Jimmy looked at me as though I were a lunatic. For an instant, one tiny moment, I doubted myself. But no, it all fit together too well.
“When you patted down customers at the door searching for drugs, you substituted their bullets of Special K with GHB that you had boiled down into a powder,” I told him.
“You’re crazy,” Jimmy said.
But I saw a look in his eyes — a look that told me I was right.
“You had access to GHB — you confiscated it from a few clubgoers,” I told him. “And as door security, no one was going to say much if you were rummaging around in their pockets long enough to switch vials. They’re carrying an illegal substance, and they’re not in a position to complain.”
Jimmy shook his head. “I don’t have to listen to—”
“You worked security at a few clubs that night, right?” I said. “You had plenty of opportunity to make your mark at three different places.”
Jimmy’s lip curled into a sneer, but he didn’t get up and leave. I knew that he wasn’t going to, either.

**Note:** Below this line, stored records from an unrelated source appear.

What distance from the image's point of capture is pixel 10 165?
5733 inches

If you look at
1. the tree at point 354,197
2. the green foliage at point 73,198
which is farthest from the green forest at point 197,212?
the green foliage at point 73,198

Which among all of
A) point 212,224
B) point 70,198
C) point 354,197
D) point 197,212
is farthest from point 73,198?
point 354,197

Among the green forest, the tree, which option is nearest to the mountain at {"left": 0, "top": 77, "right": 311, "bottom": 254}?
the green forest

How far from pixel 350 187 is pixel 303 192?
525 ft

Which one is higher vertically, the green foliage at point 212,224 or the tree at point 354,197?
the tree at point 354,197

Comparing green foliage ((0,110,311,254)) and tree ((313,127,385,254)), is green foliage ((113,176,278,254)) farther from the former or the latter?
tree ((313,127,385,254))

“You found six guys who had already been drinking,” I said. “You got close enough to smell their breath when you were patting them down. Even if they didn’t continue drinking that night, the amount of alcohol in their system would make sure they went into a G hole when they took the GHB.”
“Maybe you’re the one who’s been taking junk,” Jimmy said, trying to laugh. “It’s made you lose your mind.”
“As security chief, you had full access to the clubs at any time. No one would suspect you had anything to do with the deaths,” I said. “You took them out into the alley and no one suspected a thing. Even at the Majestic — where you had to take a body out in view of people — your clout and position on the Beach probably made people think you were just taking a drunk guy to a taxicab. And then, like you said, you went through the guys’ pockets to take away anything that might link them to the clubs. How perfect was that?”
“I guess I’m a real criminal mastermind,” Jimmy said sarcastically.
“And, to top it all off, you were the one who called for help,” I went on. “And you certainly wanted me to think you were cooperating with my investigation.”
Jimmy put his hands on the chair arms, as though to leave. “Why would I do something like that, Lupe? Why?”
I walked to the side of my desk and perched on the edge. “Jimmy, I know you. Something’s wrong. I saw you the other night patting down those guys. Leonardo saw it too. And after he saw you at the club he said you were setting off his ‘gaydar.’”
Jimmy sputtered. “He said what?”
“You’re in the middle of all this, Jimmy,” I said. “And you’re giving off signals. Why’d you do it, Jimmy? Please, tell me.”
Jimmy amazed me just then by getting up and closing the door. Before he could turn around to face me again, I pressed the open intercom button on my speakerphone.
“Can I really talk to you?” Jimmy asked me. I could see that he had started sweating, and there was a haunted look in his eyes.